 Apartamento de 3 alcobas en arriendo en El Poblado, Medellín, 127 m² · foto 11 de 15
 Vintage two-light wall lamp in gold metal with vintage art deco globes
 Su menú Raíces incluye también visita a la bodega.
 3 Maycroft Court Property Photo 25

________________________

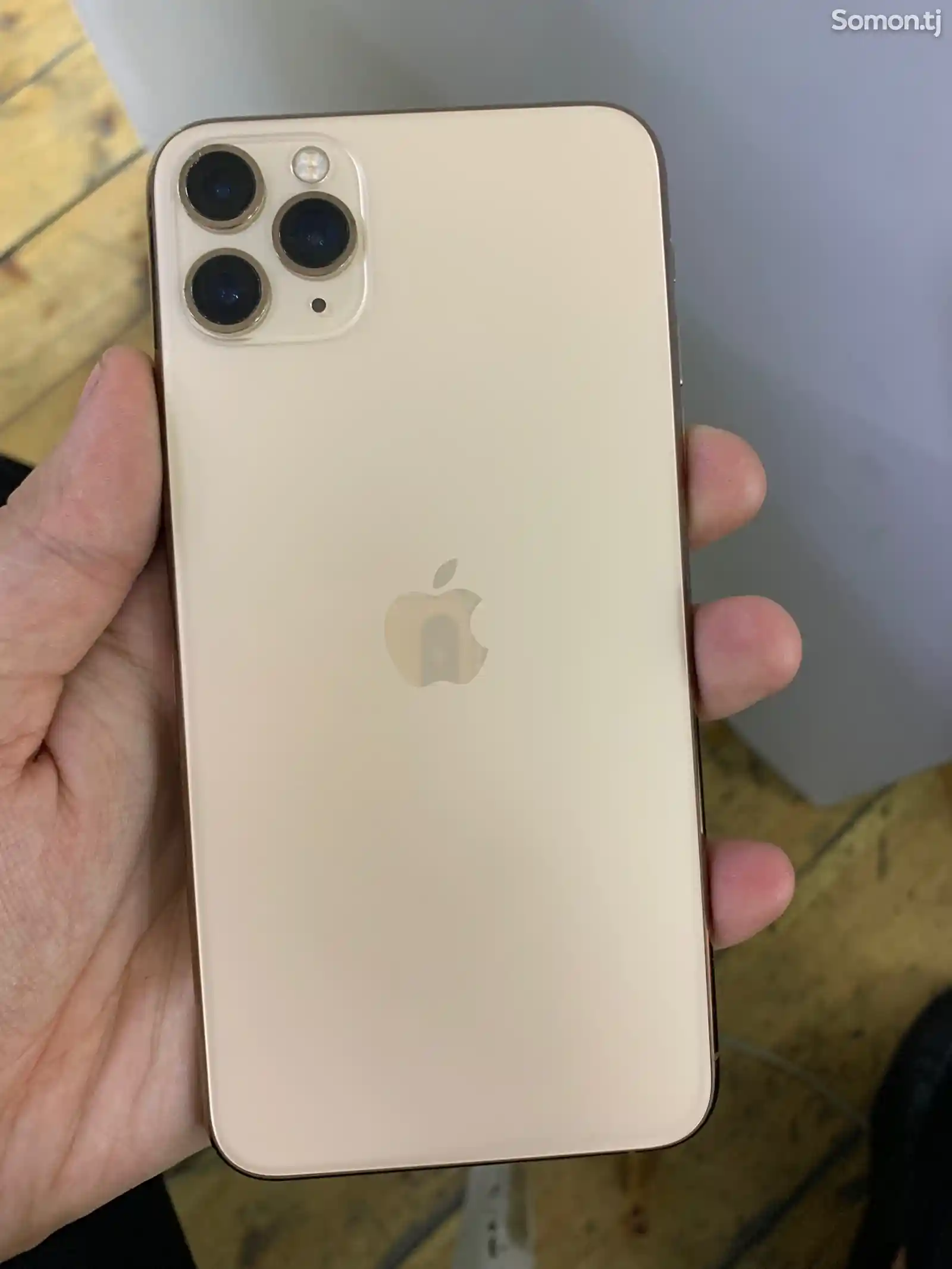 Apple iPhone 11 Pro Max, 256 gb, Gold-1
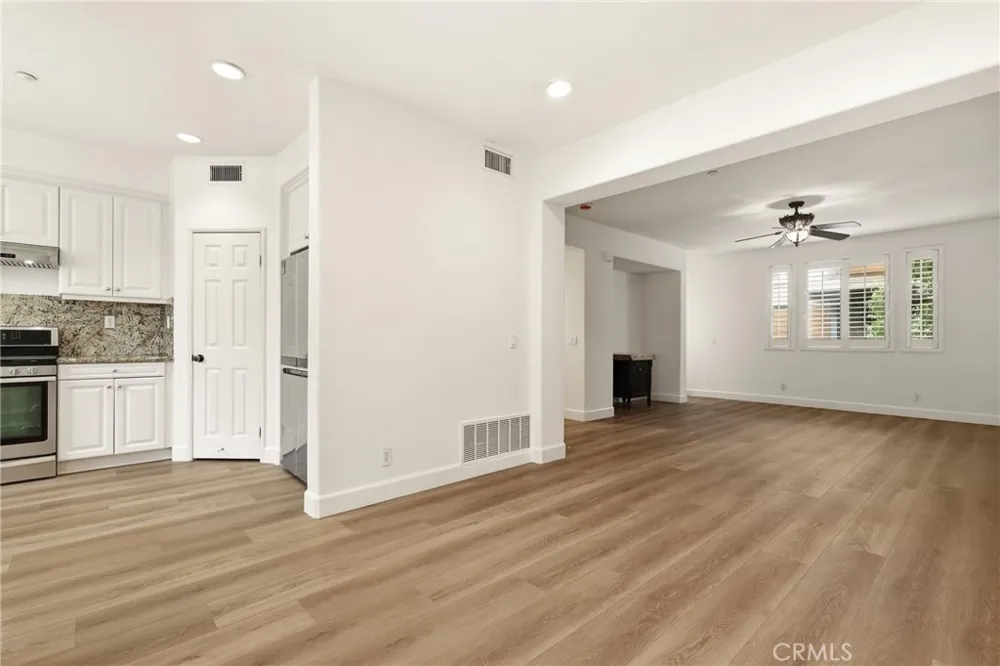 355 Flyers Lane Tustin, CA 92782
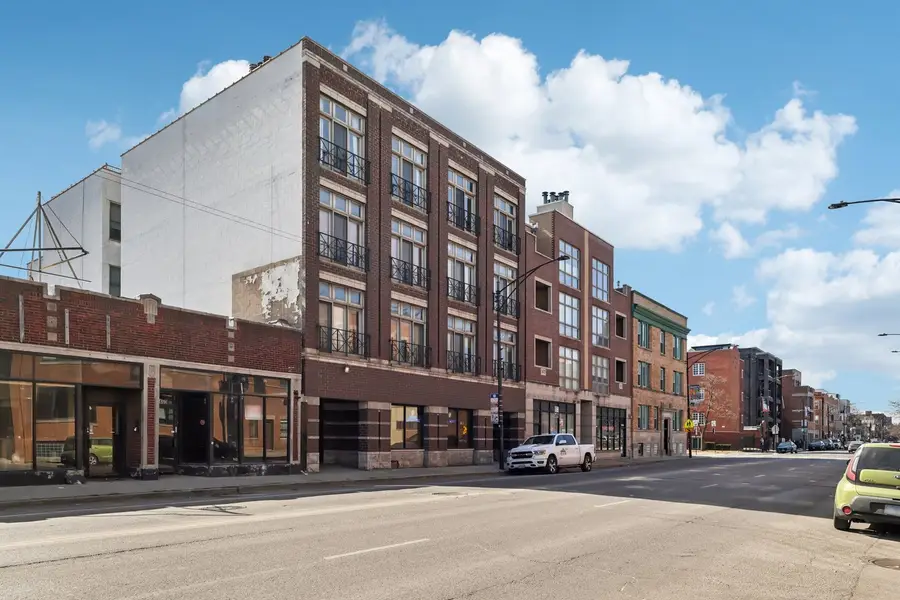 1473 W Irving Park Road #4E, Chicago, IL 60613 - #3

________________________

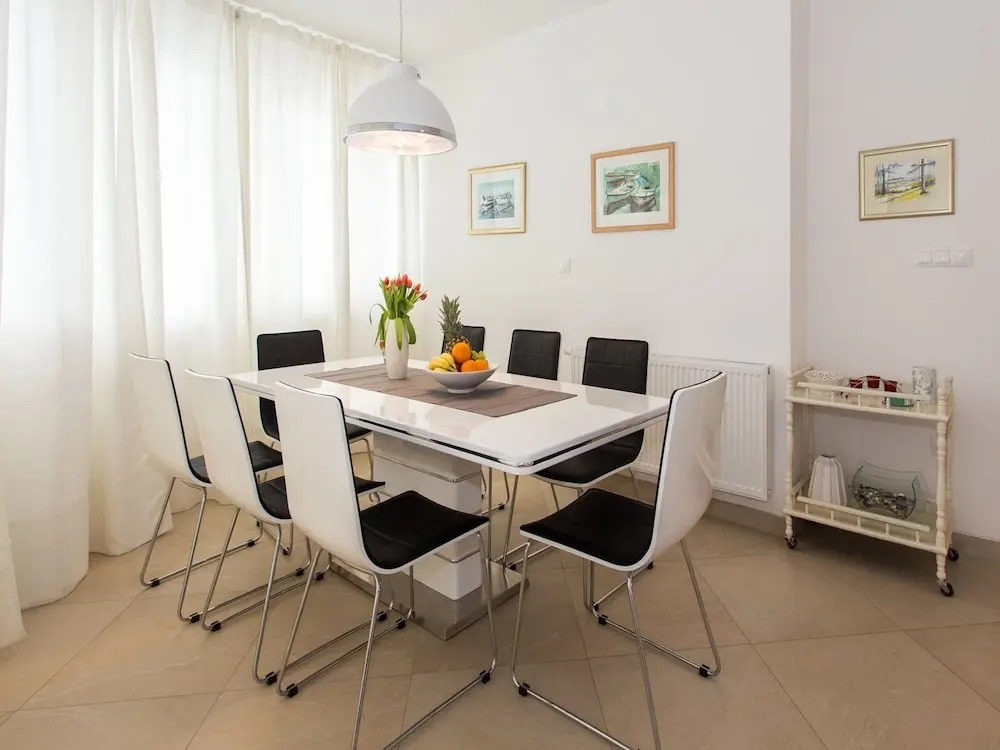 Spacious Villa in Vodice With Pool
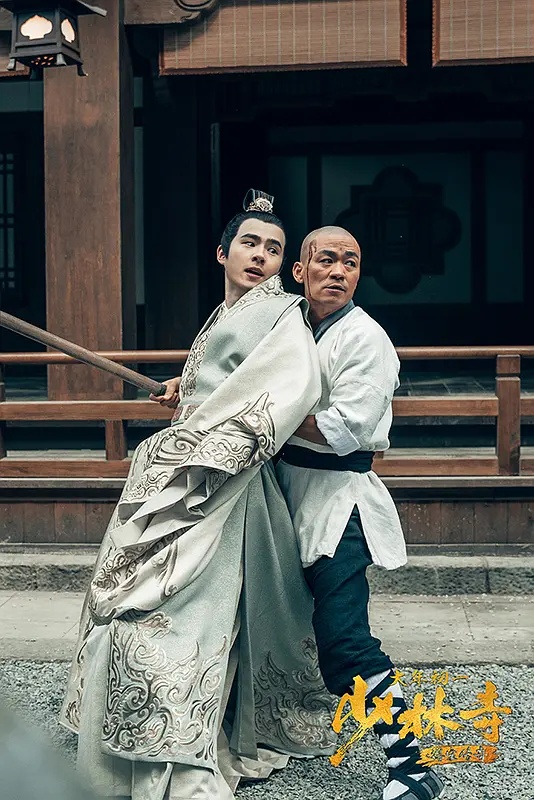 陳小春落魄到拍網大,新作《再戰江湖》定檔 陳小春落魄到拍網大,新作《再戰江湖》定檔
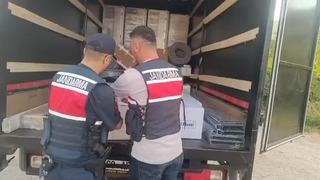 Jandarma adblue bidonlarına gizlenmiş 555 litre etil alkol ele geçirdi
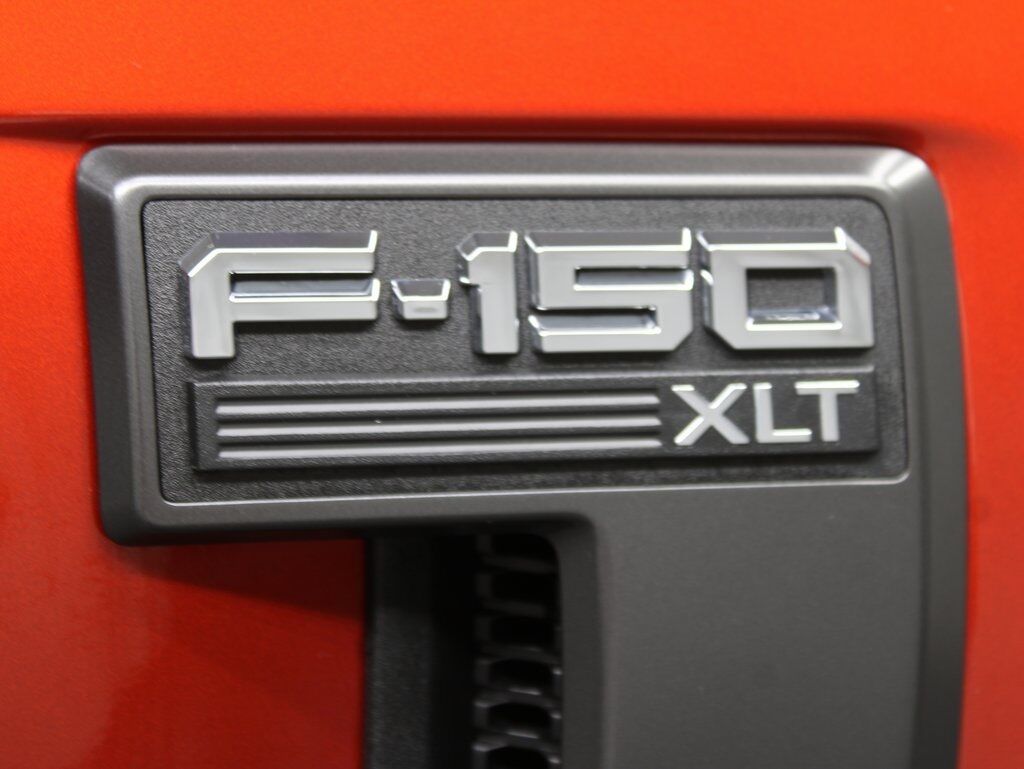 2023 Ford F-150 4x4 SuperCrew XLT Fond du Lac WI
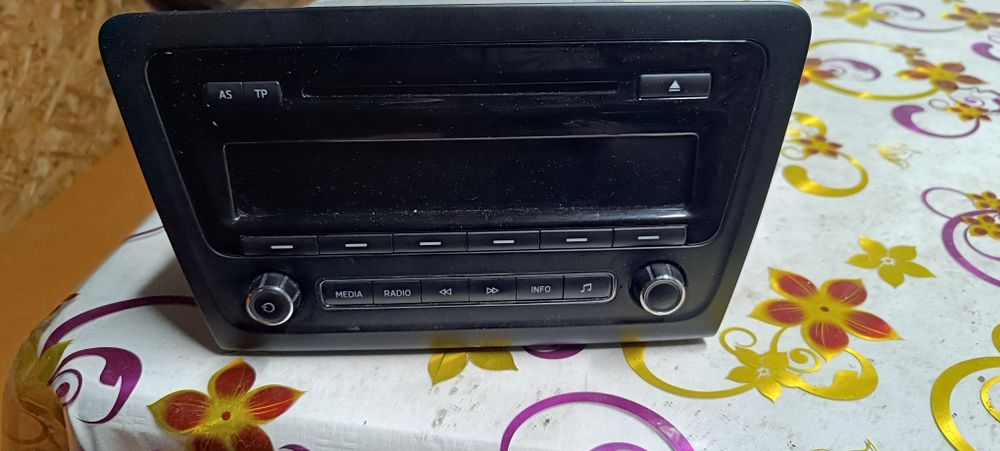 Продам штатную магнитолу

________________________

Exercise instructions → In the data above, find the line that contains "Vintage two-light wall" and the line that contains "3 Maycroft Court Property Photo 25". Repeat exactly those lines and every line between them, and only those.

Result for this task →
 Vintage two-light wall lamp in gold metal with vintage art deco globes
 Su menú Raíces incluye también visita a la bodega.
 3 Maycroft Court Property Photo 25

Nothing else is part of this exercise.